▶ **TASK DESCRIPTION**: Retype each line of the material below word for word; pictures stay out.

▶ **DATA IN THIS EXERCISE**:
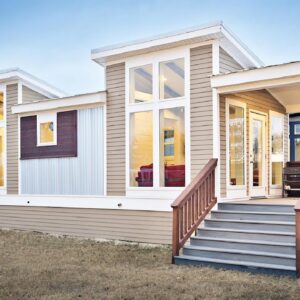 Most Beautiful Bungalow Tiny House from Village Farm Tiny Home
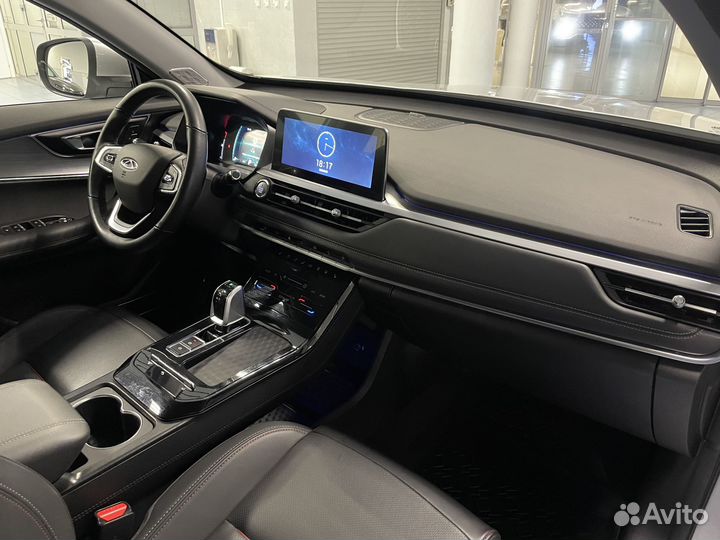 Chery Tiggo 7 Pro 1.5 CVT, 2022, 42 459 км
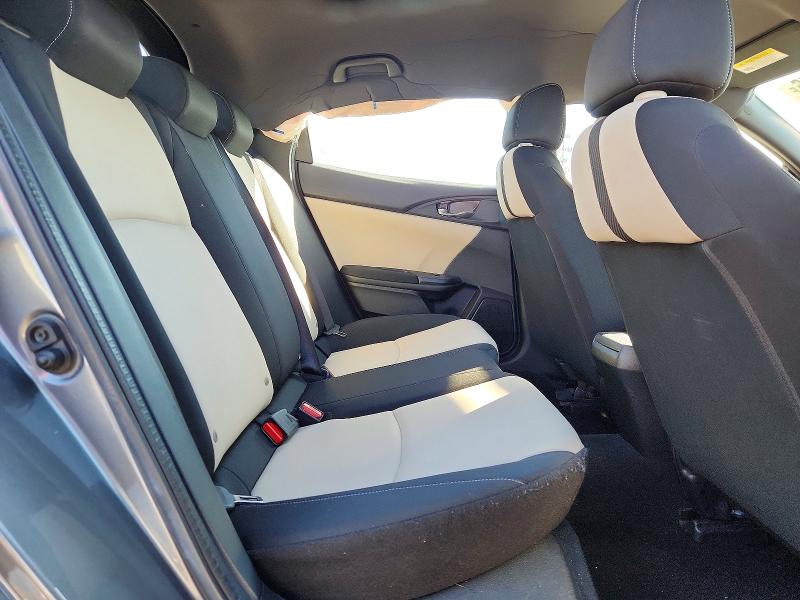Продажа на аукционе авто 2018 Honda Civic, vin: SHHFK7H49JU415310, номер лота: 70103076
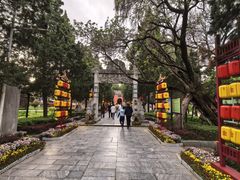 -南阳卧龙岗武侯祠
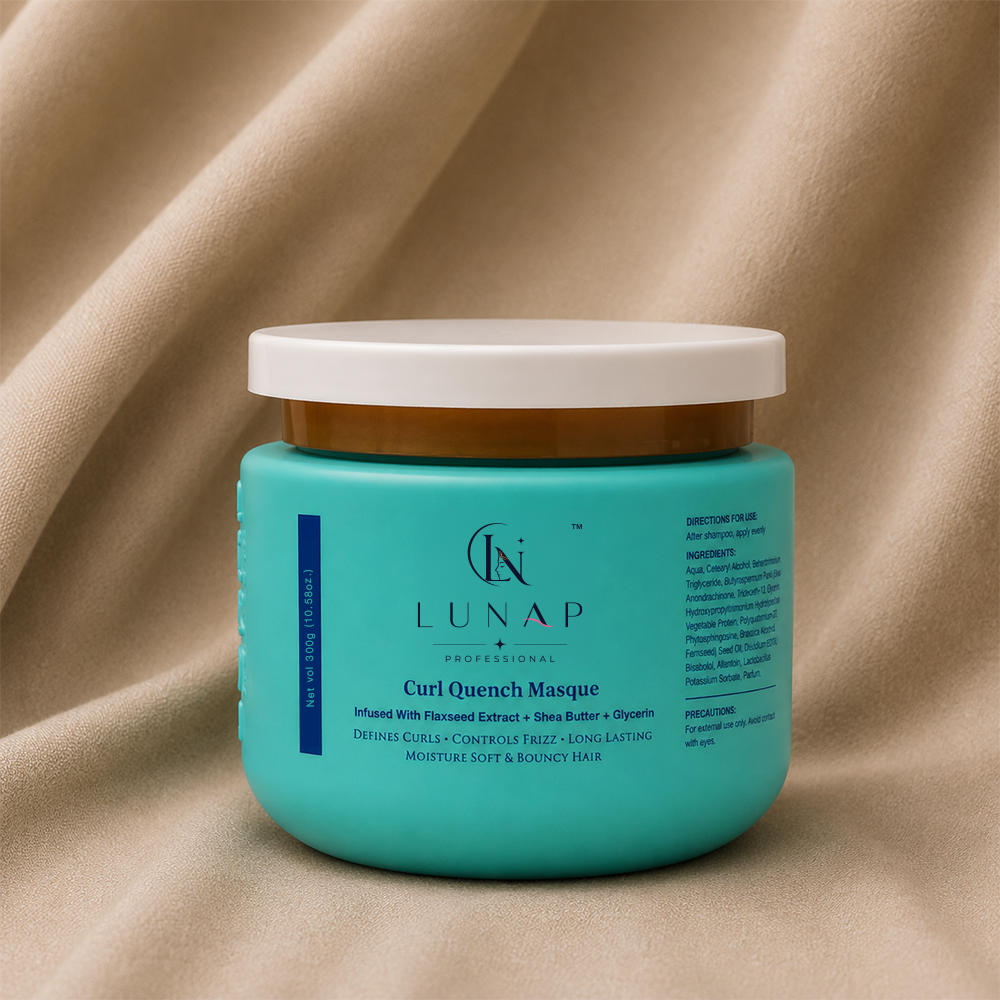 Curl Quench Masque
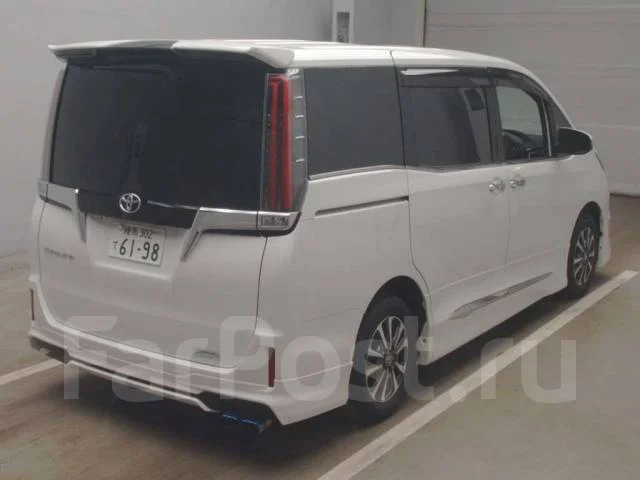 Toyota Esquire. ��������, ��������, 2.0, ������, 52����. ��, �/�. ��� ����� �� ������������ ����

▶ **SOLUTION FOR THIS EXERCISE**:
 Most Beautiful Bungalow Tiny House from Village Farm Tiny Home
 Chery Tiggo 7 Pro 1.5 CVT, 2022, 42 459 км
Продажа на аукционе авто 2018 Honda Civic, vin: SHHFK7H49JU415310, номер лота: 70103076
 -南阳卧龙岗武侯祠
 Curl Quench Masque
 Toyota Esquire. ��������, ��������, 2.0, ������, 52����. ��, �/�. ��� ����� �� ������������ ����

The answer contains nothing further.